First, the cache key. By default a CDN keys its cache on the request method, host, and full path-plus-query-string. That means /products?ref=twitter and /products?ref=email are two separate cache entries serving identical HTML, fragmenting your hit rate. Configure the CDN to strip or ignore tracking params from the key. Conversely, if a response varies by some input, that input must be in the key, either via query string or via a Vary response header. Vary: Accept-Encoding is standard; Vary: Cookie is almost always a mistake because it shatters the cache per user.

Second, separate edge TTLs. Most CDNs let you set a different TTL at the edge than in the browser, using s-maxage (the shared-cache directive) alongside max-age. This is the pattern for dynamic-but-cacheable pages:

# Browser revalidates often; the CDN holds it 60s and serves stale
# for up to a day while it refetches in the background.
Cache-Control: public, max-age=0, s-maxage=60, stale-while-revalidate=86400

That single header gives you near-static performance for a page that updates every minute, while every user always gets an instant response from the edge.

Now, invalidation, the genuinely hard half. You have three tools:

TTL expiry: the lazy default. Set a short s-maxage and let entries age out. Simple, but you trade freshness for it.
Purge by URL: explicit, surgical, slow at scale. Fine for a handful of pages.
Tag/surrogate-key purge: the professional answer. Tag responses with a Surrogate-Key (Fastly) or Cache-Tag (Cloudflare, CloudFront via headers) header, then purge everything bearing a tag in one call.

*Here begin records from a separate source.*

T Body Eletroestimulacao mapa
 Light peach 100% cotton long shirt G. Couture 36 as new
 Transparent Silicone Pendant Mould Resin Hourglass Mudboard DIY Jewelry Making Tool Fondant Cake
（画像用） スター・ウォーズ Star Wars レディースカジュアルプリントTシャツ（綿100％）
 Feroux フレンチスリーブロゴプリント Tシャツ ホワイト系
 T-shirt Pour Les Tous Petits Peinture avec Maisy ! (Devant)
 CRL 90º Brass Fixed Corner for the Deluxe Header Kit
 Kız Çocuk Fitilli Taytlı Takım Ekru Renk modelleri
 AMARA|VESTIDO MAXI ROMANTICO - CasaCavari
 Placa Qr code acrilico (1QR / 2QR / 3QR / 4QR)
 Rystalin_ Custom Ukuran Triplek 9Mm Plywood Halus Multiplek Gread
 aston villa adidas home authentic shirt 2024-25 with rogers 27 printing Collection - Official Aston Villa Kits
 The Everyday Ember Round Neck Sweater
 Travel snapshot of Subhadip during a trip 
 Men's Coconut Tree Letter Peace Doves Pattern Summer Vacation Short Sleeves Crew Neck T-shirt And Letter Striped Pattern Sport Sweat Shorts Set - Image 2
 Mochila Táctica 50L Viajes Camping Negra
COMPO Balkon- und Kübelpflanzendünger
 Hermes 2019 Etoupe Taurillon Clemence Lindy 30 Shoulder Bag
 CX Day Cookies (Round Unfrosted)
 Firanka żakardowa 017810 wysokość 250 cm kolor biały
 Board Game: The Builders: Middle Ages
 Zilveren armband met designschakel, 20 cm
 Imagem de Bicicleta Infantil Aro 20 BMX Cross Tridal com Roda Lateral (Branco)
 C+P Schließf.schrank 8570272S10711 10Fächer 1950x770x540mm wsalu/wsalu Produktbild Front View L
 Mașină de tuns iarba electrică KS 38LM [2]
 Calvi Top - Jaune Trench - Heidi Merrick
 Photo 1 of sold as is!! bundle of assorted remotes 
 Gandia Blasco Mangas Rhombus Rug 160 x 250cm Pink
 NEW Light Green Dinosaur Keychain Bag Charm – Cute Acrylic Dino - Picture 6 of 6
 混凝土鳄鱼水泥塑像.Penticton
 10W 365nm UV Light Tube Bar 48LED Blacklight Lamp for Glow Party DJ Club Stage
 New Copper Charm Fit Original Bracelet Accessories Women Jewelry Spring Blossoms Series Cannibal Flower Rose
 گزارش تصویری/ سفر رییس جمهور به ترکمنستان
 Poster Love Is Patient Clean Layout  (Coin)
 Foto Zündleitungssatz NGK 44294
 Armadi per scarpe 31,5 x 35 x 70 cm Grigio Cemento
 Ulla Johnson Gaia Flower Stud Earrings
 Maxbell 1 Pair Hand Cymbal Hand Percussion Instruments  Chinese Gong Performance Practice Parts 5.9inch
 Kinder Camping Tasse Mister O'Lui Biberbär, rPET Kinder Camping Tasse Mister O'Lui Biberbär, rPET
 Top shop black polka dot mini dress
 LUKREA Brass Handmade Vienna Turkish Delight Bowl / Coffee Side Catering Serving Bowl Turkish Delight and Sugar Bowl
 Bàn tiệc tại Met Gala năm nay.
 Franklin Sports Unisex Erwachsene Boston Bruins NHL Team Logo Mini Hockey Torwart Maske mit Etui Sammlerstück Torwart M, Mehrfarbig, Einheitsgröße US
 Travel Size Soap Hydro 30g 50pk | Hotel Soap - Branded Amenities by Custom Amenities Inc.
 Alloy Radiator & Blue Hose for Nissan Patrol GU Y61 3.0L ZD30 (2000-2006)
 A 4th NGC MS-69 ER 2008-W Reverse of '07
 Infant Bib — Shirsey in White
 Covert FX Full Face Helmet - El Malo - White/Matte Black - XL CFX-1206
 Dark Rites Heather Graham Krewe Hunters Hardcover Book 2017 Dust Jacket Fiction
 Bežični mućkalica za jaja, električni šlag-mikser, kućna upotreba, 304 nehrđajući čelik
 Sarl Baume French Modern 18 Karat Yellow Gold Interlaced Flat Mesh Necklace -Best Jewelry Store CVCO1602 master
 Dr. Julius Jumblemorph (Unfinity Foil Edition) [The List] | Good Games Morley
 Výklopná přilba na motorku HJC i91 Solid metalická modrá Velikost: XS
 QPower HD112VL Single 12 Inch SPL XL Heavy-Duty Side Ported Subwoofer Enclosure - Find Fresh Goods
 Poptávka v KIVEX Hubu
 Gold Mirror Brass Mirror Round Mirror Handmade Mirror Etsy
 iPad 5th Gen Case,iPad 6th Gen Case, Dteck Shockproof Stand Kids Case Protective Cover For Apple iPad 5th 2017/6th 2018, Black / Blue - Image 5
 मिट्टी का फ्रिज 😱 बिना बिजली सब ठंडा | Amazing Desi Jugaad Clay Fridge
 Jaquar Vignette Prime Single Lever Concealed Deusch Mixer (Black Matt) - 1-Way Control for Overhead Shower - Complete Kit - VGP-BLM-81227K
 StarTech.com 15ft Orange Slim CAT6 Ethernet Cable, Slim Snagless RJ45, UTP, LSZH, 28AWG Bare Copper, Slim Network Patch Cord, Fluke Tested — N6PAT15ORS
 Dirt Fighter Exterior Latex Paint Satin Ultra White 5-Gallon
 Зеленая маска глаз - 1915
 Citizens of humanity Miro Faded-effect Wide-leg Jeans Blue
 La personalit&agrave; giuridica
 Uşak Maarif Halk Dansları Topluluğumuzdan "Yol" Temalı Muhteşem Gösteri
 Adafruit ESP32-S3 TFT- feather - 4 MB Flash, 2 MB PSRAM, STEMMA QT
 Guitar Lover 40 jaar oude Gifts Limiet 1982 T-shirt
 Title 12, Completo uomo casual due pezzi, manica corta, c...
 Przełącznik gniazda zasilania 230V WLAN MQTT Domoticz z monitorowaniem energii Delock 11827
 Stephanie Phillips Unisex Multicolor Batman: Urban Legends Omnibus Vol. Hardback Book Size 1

# Origin tags a product page with the entities it depends on.
Surrogate-Key: product-8842 collection-shoes homepage
 
# When product 8842 changes, purge every cached response that touched it,
# across the whole edge network, in one request.
curl -X POST "https://api.fastly.com/service/$SERVICE_ID/purge/product-8842" \
  -H "Fastly-Key: $FASTLY_API_TOKEN"

Tag-based purge is what lets you cache aggressively and stay correct. Your write path emits a purge for the affected tags whenever data changes, so the edge can hold content for hours yet reflect a database update within seconds.

What to cache, and what never to

Here is the decision framework I apply on every project.

Content-hashed static assets (JS, CSS, fonts, images with a hash in the name): cache as hard as physically possible. public, max-age=31536000, immutable. There is no downside; the URL changes when the bytes do.
HTML: cache carefully. no-cache for the browser so it always revalidates, plus a short s-maxage at the CDN if the page is shared across users. Never immutable HTML; a stale shell is how users end up loading a deleted bundle.
API / JSON responses: case by case. Public, read-heavy, slowly-changing data (a product catalog, a blog feed) caches beautifully with s-maxage plus tag purge. Per-user or write-heavy endpoints get private, no-cache with an ETag, or no-store if sensitive.
Anything authenticated or carrying PII: Cache-Control: no-store. No exceptions. A shared cache serving one user's account page to another is a data breach, not a performance bug. The OWASP guidance on sensitive data exposure is unambiguous here.

The checklist

Before you ship, walk this list:

Are all static assets content-hashed and served immutable, max-age=31536000?
Is HTML served no-cache (or short s-maxage) so deploys are visible instantly?
Do cacheable API responses carry an ETag and return 304 on revalidation?
Is anything authenticated or PII-bearing served no-store? Grep your responses to be sure.
Does your CDN cache key strip tracking params and avoid Vary: Cookie?
Do you use stale-while-revalidate so users never wait on a background refresh?
Does your write path purge by cache tag, not by guessing URLs?

Get those seven right and you will have done more for your users' experience than any amount of code micro-optimization. Caching is leverage: a few headers, applied at the right layer, beat a rewrite.